I’m not calling for V shaped anything. I’d go for long flat U and I think we’re near there. Yep, big economic news coming, but a lot of really bad technicals and trading liquidity problems are going to be fading that have been really hurting valuations. It’s also the case that when you raise those points you’re just debating yourself because I haven’t heard a single market participant disagree recently, that’s base case. The speed of this move is historic.
People like to talk about “but we won’t be at 100% in 4Q or maybe even next year”. Doesn’t matter, we were nowhere near 100% in 2010, but markets had recovered to be forward looking. I also think looking back at multiples misses the point, interest rates and monetary policy are a huge part of relative value that can’t be ignored.
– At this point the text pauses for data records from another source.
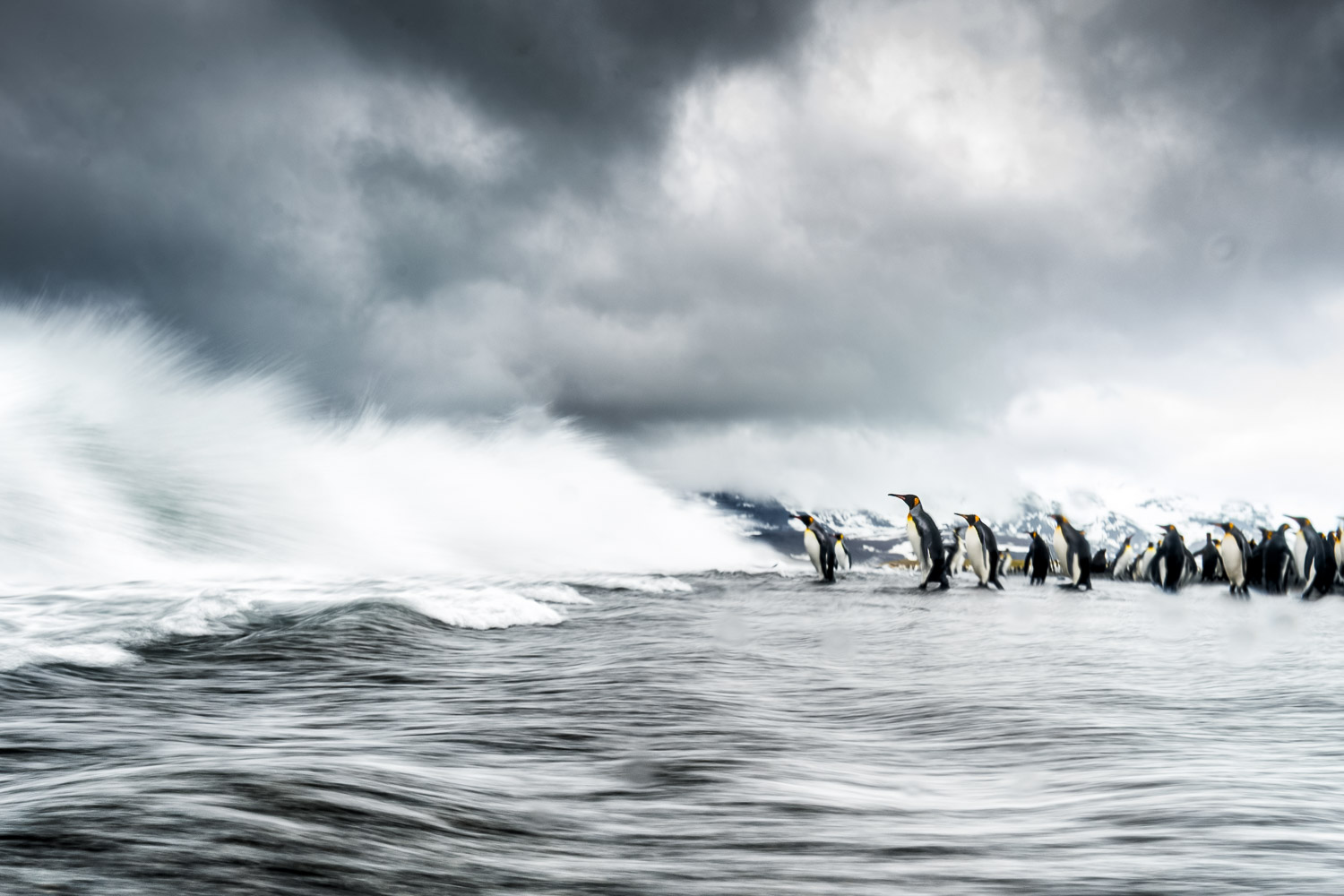  King penguin in South Georgia
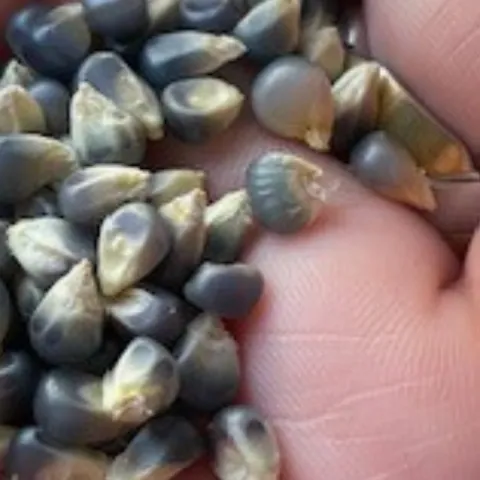 hand holding a palmful of seeds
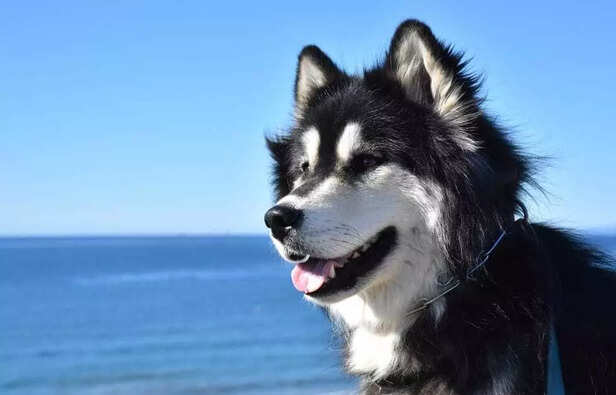 Siberian Husky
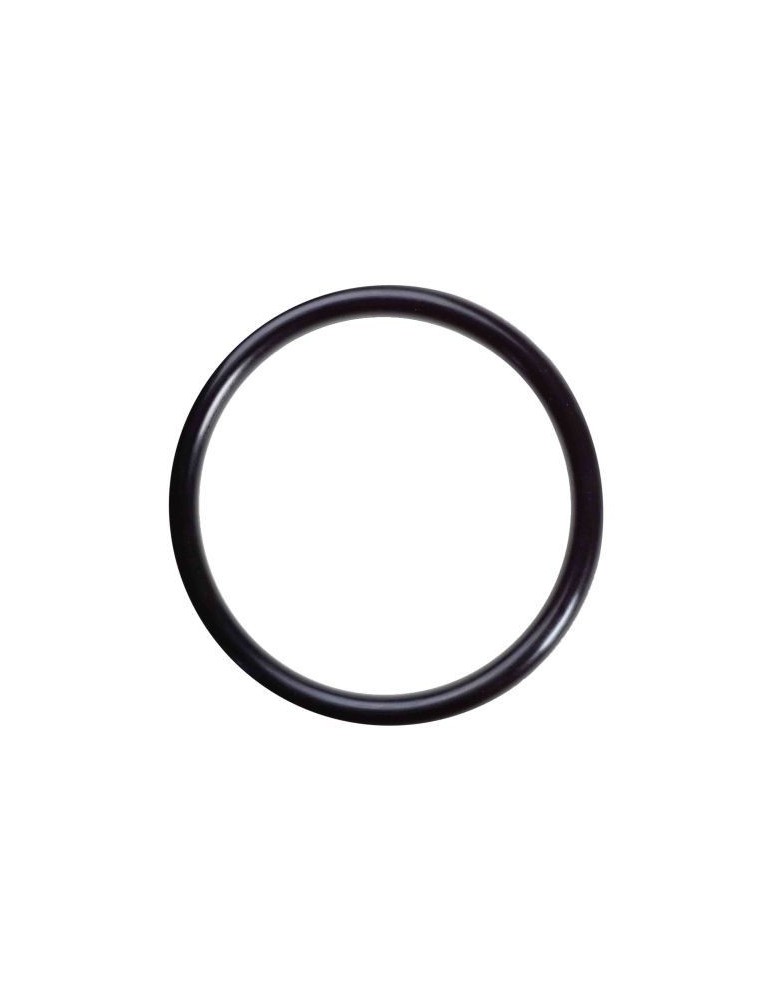 O-Ring 217408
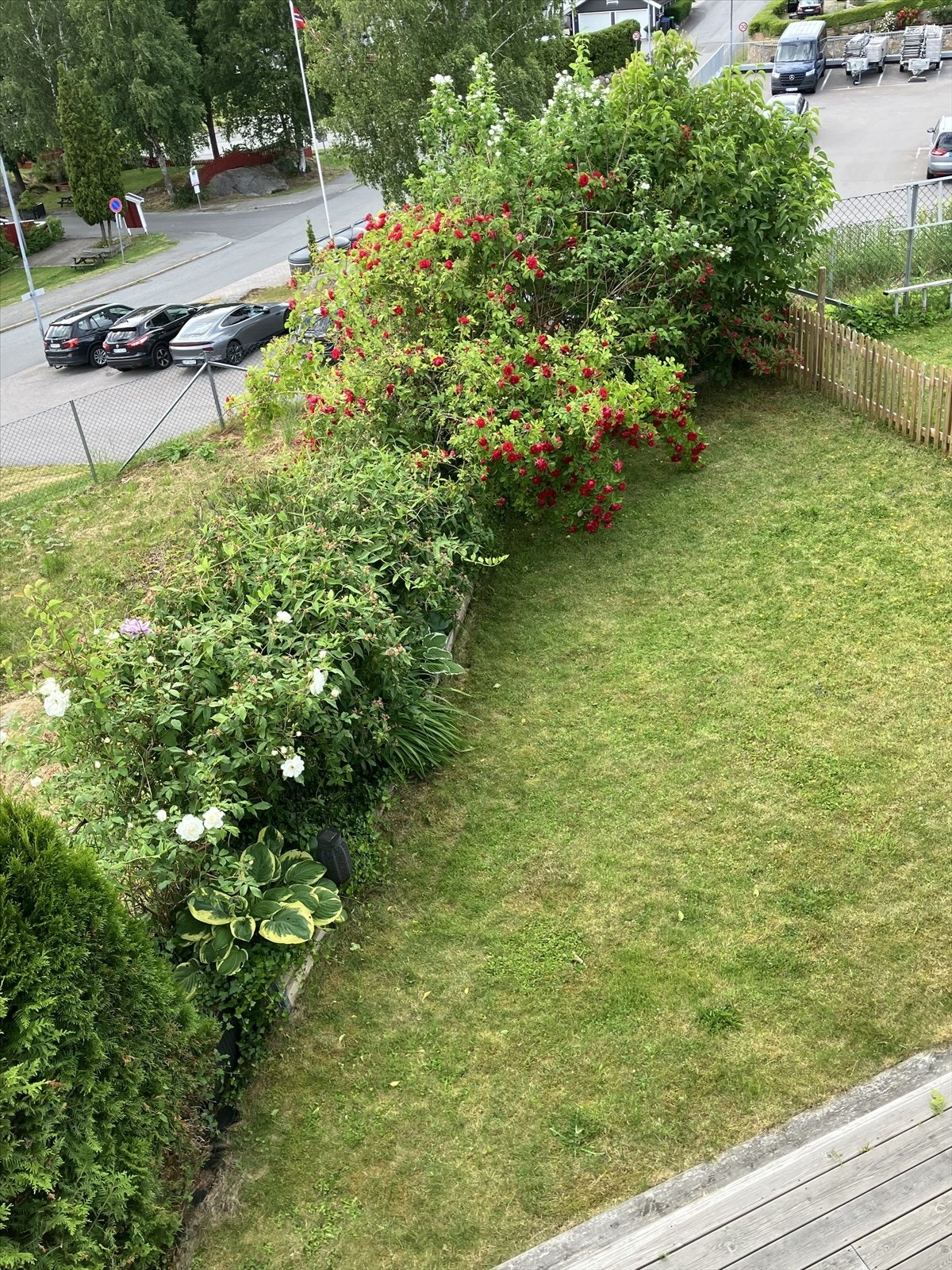 selgers egne sommerbilder Galleribilde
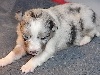  FLASH BLUE male bleu merle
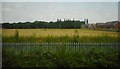 New housing development site, Buckshaw Village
I just laid in my first big single name move with DAL today and will probably do one or two other names next week then gradually accelerate to about 10 names combined over the next month. But I do think the specifics to DAL make a lot of sense right now.
The thing I don’t understand about this situation is that because the disruption was caused by a non-economic factor, a lot of people seem to think that if we solve the corona-problem, everything will go back to how it was. But the valuations, the system in general with the QE ■■■■, near-0% rates, the ECB struggling to create demand, shows that the situation was phucked even before corona. Corona was just the trigger IMO. Even if we remove corona from the equation, we’re still left with an unhealthy reliance on central banks, unnaturally low rates and with a lot of companies that should not exist anymore. I was 60% cash before corona, and I started increasing my purchases little by little (thanks @Black_Swan) because of the market drop, but even if corona were to disappear tomorrow, I’d be a little iffy to go all-in! The system is broken IMO and it really needs to real reset before we can see a really healthy situation.
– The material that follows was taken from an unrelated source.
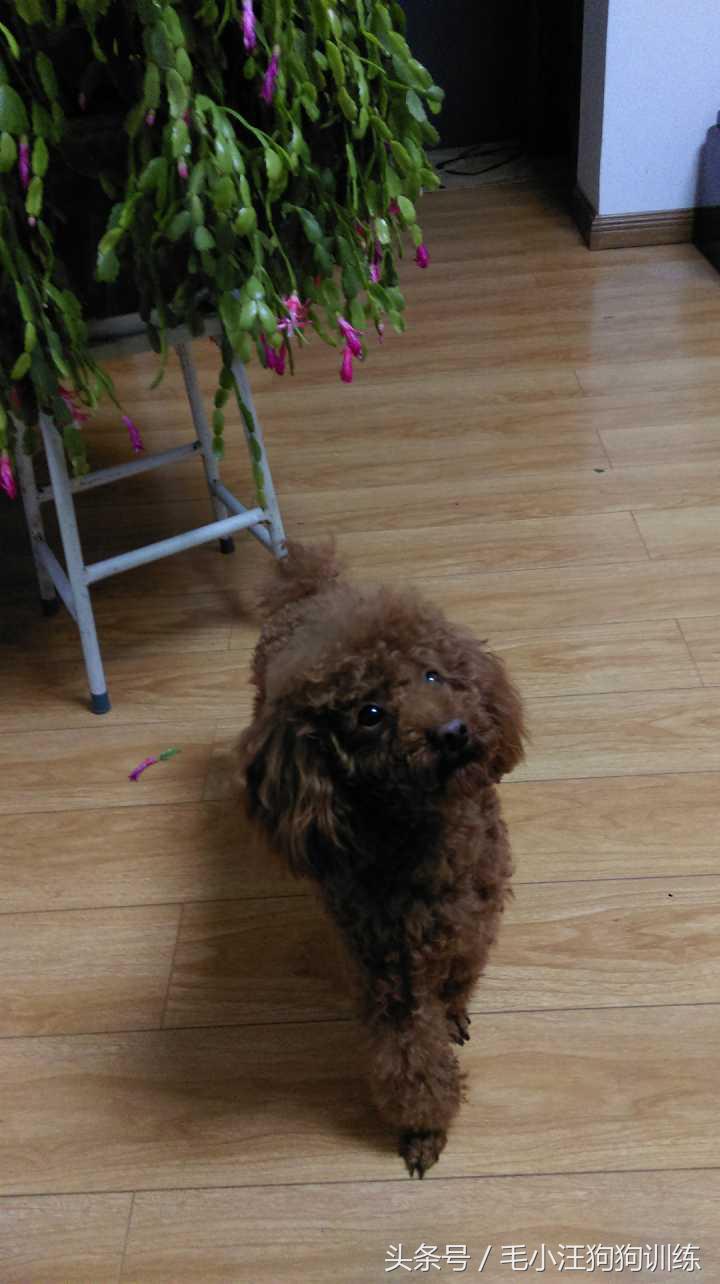 你家泰迪有没有浅色系的,当泰迪的毛被拉直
I agree, a lot of those problems are tied to slowing population growth at the root and an attempt to prop up historic norm growth rates. I also think that big picture what this will ultimately do is pull forward and make more acute the public deficit problem looming in the mid-2020’s. As entitlements meet deficits and markets struggle to digest heavy treasury supply. But in the here and now the setup is extremely attractive for a 1-2 year horizon.
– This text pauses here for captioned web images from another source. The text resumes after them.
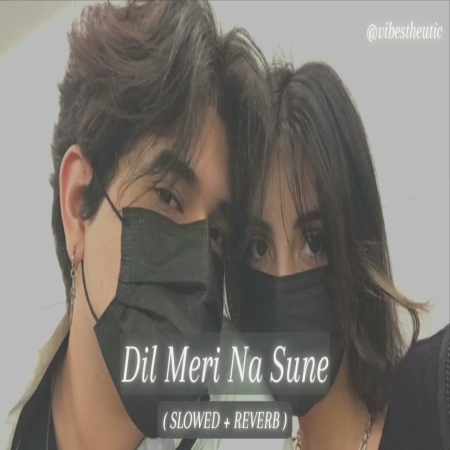 Dil Meri Na Sune Slowed Reverb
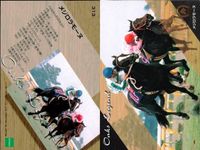 カード 競馬 メジロモネ 
メジロモトレー 
ハギノリアルキング 
メジロライオン 
スーパーナカヤマ 
ウィナーズサークル 
ショウワシンザン 
トウカイテイオー 
ビッグサンデー ジョッキー サムネイル 4
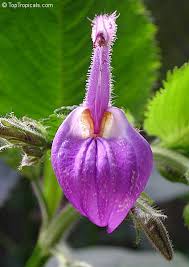 Image result for Brillantaisia pubescens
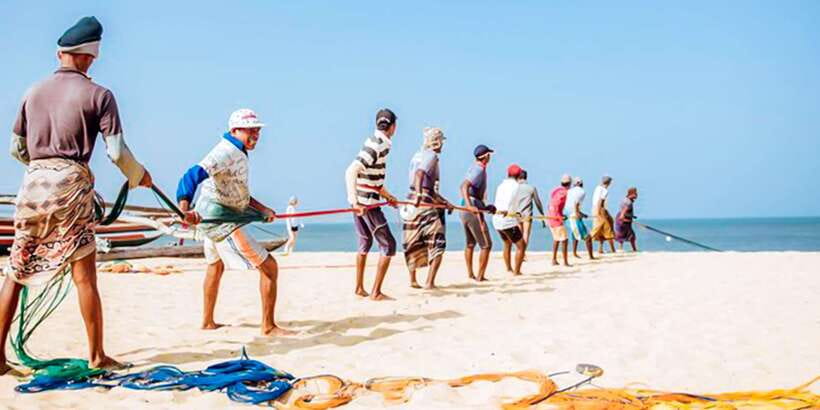 Negombo: Fishing Village Highlights Private Tour by Tuk Tuk - The fish market: Negombo at work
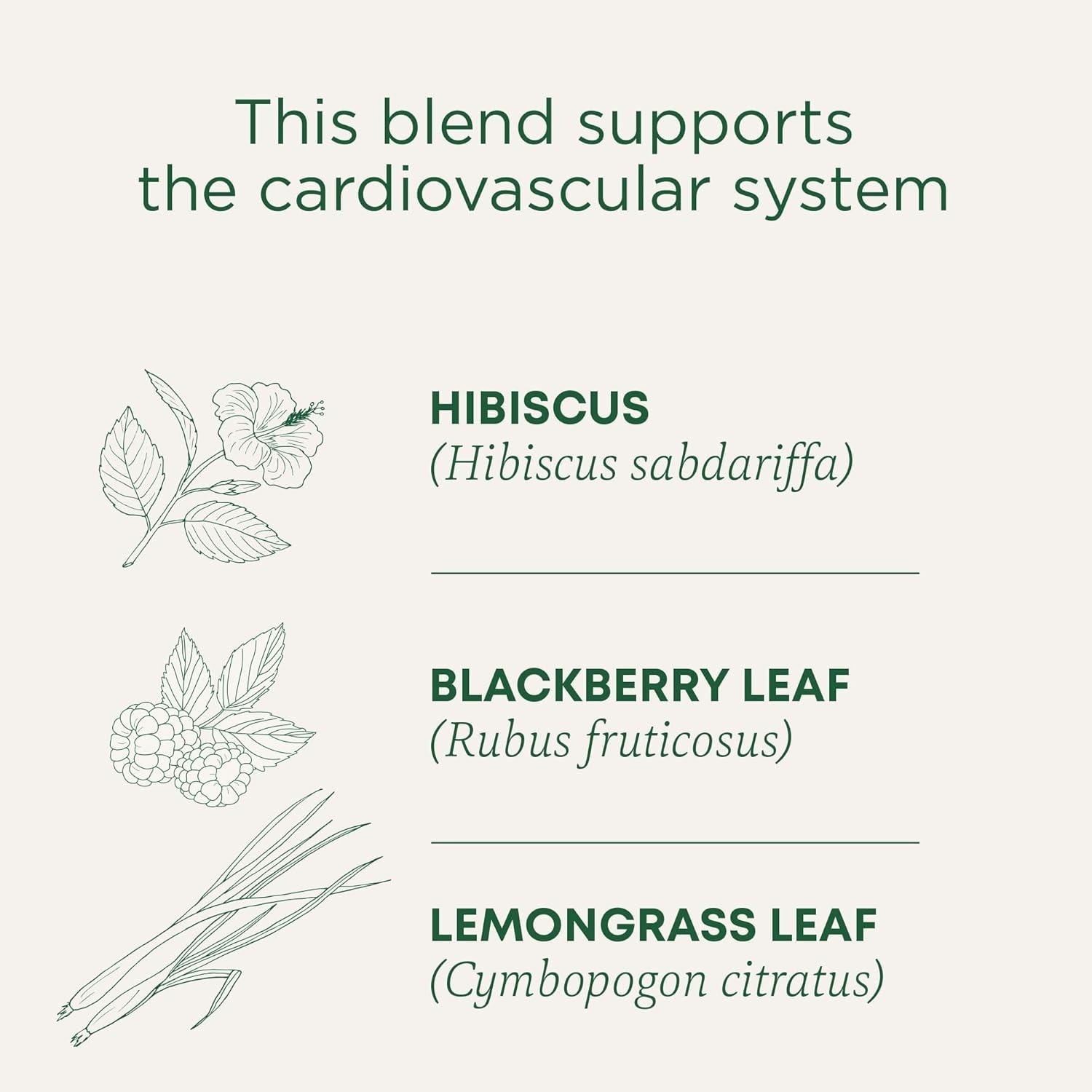 Organic Hibiscus Tea Bags 16 Count Herbal Tea Supports Cardiovascular Health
One of the points I raise is Italy was in recession late last year with Germany and Eurozone teetering, industrial was weak and I was hugely bearish on Boeing segments of the commercial aerospace market for an end to the airline cycle I saw as naturally occurring. I never expected it to play out this way, but much like COVID-19, preexisting conditions have made this worse and pulled things forward. When we exit this there will certainly be problems holding back the outlook but there will also be some offsets (fiscal/monetary/low oil primarily) that about wash each other out.
Anyhow, better wait until you’re a year out then decide if you want to thank me or chase me down.